Слова Н. И. Жинкина о том, что «метаязык и есть то принциально новое, что появилось у человека и из чего вырос человеческий язык в целом», мы адресуем именно Жесту и больше ничему: он есть метаязык в самом что ни есть аутентичном смысле этого слова. Поскольку в начале всех начал он «вышел из трансцендентного Ноля», как выразился бы по такому неординарному случаю М. Мамардашвили, то он явился сразу как самый мощный и порождающий естественный язык, перекрывающий все окультуриваемое человеком пространство целиком. Если характеризовать его вообще, то язык предстает как отлаженная система символической коммуникации. Его слова, жесты, мимика и всякие другие знаки служат сигналами-символами для лингвистической координации человеческого поведения. В новосозданный коммуникационный круг включаются затем в силу «каскадного эффекта» многочисленные понятия из окружающей среды и антуражные предметы последней, так что символознаки оказываются связанными еще и с мысленными слепками объектов и явлений. Так начиналось мышление. Поскольку символы всегда являются проекциями идей, в этой части креативного сознания, по представлениям Ч. С. Пирса, «символы дают нам средства мыслить о мыслях… Они позволяют нам, например, создавать Абстракции, без которых мы бы лишились великого двигателя науки… Символы суть сама подоснова нашего разума, поскольку быть орудием абстракции является главной функцией символа». Также можно далее логично утверждать, «что и без слова и имени нет вообще разумного бытия, разумного проявления бытия, разумной встречи с бытием… Нет без слова имени также и мышления вообще», как об этом позже заявит А. Ф. Лосев.

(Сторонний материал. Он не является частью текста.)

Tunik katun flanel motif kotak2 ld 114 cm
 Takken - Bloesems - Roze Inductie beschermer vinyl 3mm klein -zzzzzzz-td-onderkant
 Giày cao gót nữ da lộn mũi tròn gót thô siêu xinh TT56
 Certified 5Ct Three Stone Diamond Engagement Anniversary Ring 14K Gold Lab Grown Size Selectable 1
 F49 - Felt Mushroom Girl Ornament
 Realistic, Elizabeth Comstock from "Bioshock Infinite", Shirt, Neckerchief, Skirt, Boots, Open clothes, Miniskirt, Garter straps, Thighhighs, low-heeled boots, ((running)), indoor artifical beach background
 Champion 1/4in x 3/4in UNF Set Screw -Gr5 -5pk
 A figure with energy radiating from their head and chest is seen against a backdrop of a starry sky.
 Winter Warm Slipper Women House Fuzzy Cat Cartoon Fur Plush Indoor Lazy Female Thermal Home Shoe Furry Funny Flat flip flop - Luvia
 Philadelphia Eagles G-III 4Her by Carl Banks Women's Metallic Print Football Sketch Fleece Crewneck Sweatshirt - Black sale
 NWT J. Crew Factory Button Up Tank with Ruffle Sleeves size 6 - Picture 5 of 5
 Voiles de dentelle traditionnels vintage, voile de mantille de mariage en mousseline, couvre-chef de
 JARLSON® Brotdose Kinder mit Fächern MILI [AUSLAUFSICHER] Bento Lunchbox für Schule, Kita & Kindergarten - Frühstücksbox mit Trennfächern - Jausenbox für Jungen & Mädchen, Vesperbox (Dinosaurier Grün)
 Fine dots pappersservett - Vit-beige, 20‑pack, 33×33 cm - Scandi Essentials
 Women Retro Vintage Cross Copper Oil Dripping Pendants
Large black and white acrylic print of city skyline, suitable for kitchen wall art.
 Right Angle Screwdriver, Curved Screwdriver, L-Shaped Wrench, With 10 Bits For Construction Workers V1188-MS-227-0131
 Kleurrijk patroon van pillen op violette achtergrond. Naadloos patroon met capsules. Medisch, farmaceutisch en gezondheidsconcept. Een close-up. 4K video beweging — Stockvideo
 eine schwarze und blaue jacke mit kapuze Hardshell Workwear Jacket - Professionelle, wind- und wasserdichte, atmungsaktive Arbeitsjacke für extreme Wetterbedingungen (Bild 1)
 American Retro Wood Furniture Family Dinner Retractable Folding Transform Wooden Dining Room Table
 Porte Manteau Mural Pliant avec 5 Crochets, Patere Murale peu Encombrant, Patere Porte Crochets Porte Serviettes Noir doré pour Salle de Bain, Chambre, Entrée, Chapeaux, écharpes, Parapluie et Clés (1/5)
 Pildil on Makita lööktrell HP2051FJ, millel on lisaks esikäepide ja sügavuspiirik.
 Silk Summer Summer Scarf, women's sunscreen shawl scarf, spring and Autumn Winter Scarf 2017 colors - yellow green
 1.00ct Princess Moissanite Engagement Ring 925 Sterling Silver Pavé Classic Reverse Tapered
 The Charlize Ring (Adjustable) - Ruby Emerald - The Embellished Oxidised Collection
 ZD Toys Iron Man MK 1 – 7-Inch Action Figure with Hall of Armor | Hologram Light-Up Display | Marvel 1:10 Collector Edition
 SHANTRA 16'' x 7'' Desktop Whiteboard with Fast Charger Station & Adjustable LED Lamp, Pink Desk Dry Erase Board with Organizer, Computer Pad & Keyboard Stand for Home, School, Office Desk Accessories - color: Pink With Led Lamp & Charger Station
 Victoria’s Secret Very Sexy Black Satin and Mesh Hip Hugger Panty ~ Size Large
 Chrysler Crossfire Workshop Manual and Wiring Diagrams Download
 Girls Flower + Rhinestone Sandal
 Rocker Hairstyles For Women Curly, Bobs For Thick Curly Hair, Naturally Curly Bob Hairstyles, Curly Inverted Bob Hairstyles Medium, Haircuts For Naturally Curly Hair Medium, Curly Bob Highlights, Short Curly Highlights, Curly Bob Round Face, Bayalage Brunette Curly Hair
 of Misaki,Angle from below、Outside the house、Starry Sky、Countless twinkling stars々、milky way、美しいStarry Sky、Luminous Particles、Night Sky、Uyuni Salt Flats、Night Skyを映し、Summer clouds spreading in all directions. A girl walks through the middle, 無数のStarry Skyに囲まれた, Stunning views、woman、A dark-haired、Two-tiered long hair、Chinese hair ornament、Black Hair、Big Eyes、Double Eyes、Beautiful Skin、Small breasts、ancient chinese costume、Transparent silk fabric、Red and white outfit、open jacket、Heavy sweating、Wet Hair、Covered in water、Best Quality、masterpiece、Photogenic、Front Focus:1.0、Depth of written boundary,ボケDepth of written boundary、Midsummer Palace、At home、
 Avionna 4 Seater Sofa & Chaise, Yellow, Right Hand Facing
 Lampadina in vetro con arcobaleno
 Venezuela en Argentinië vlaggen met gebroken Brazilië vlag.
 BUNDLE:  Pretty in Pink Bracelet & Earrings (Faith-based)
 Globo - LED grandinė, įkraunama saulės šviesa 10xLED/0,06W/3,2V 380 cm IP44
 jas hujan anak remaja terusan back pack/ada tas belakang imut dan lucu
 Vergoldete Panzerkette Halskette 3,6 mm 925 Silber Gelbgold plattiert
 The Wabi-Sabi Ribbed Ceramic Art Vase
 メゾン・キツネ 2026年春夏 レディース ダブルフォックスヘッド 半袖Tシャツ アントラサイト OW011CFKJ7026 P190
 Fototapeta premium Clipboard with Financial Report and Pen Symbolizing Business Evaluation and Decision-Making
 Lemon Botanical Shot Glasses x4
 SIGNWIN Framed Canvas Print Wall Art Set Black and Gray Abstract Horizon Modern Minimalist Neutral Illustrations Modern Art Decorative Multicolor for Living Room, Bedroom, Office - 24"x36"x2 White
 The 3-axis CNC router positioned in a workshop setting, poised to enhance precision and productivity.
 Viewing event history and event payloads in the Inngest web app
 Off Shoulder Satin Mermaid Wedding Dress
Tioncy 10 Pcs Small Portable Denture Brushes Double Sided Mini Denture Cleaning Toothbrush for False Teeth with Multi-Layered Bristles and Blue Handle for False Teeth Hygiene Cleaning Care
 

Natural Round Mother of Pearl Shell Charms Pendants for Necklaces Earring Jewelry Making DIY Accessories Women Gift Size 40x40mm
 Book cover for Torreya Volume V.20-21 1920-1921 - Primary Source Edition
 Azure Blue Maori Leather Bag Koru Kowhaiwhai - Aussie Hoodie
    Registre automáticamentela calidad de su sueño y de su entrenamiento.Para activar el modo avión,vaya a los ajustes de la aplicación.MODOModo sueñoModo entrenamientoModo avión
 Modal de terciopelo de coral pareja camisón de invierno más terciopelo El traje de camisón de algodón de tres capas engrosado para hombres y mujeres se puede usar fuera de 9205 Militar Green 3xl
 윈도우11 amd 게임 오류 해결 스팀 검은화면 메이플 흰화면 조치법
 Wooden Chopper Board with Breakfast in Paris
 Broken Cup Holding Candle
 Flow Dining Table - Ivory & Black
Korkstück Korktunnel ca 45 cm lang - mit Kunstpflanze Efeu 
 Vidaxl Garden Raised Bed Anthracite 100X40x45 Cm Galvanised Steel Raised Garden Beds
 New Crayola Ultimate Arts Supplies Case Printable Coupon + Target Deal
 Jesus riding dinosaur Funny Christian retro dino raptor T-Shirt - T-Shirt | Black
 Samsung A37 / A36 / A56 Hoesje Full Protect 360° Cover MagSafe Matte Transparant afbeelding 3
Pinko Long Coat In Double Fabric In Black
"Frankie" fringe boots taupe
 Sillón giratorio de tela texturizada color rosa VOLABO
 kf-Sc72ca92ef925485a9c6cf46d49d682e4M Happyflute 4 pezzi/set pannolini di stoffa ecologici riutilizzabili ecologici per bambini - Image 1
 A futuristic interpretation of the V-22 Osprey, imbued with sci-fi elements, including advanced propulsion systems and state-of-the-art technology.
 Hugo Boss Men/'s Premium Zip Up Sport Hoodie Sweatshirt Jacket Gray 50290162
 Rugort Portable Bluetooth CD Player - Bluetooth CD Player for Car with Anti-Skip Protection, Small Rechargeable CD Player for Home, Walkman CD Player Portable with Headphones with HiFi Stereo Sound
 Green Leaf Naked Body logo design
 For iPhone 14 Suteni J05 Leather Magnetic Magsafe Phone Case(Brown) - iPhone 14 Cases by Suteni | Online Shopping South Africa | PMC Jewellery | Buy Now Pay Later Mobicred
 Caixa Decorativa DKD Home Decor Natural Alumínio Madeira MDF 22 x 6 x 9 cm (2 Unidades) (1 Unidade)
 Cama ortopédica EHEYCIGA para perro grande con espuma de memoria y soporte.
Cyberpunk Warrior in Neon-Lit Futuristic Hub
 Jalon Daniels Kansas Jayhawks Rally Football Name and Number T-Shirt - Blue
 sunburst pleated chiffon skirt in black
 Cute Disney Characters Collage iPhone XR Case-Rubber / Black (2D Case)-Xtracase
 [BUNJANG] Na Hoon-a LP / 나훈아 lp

Ментальная роль символа-жеста в культуре стала подобной статусу клетки в биологическом организме, которая структурно оформила жизненное биопространство, что в согласии с одной из смелых теорий последних десятилетий стало пространством познания. Если роль первого подсказала нам «глубинную» концепцию культуры, то главенствующий иерархический статус клетки подсказывает нам «глубинную теорию» жизни, до которой нам пока что нет дела. Незаурядная роль элементарной физической частицы точно так же естественно подводит нас к непроглядной «бездне» материи. То, и другое, и третье суть элементарные составляющие жизни, материи, духа – некая предельная концентрация креативной «плазмы», что лежит глубже человека и мира как основа этого мира и мыслящего человека.

Значит, жест не только древнее культуры и ее мышления, но и значительнее, а возможно, и ценнее всего остального, что благодаря ему наработано в лингвовселенной знака и лингвовселенной культуры, поскольку он оказывается нежданным создателем всей человеческой психосферы в целом. Материальная Вселенная или, более конкретно, галактика Млечный Путь и ее Солнечная система уже как бы ожидали свой космический Разум и его ментальное воплощение в человеке. Так что к тем более чем трем десяткам параметров, рассчитанным на живое мыслящее существо, каким явился вселенский актуализирующий Homo sapiens, необходимо, наконец, добавить и то самое существенное, без чего сообразительный первопредок-гоминид не мог бы продвинуться в развитии своей сообразительности ни на шаг. Это – геокосмический первоязык, язык всеблагого космического жеста, отражающего свето-теневое мерцание звездной бездны и тем устанавливающего ментальные параметры по астрофизическим канонам слепленного человека. В Библии сказано: «из глины». Так что все было на самом деле основательно предподготовлено к явлению «царя природы» человека великим Антропным принципом и звездной его колыбелью, заблаговременно обустроенной, прежде чем он научился по «грамматическим» правилам Космоса жить, говорить и творить.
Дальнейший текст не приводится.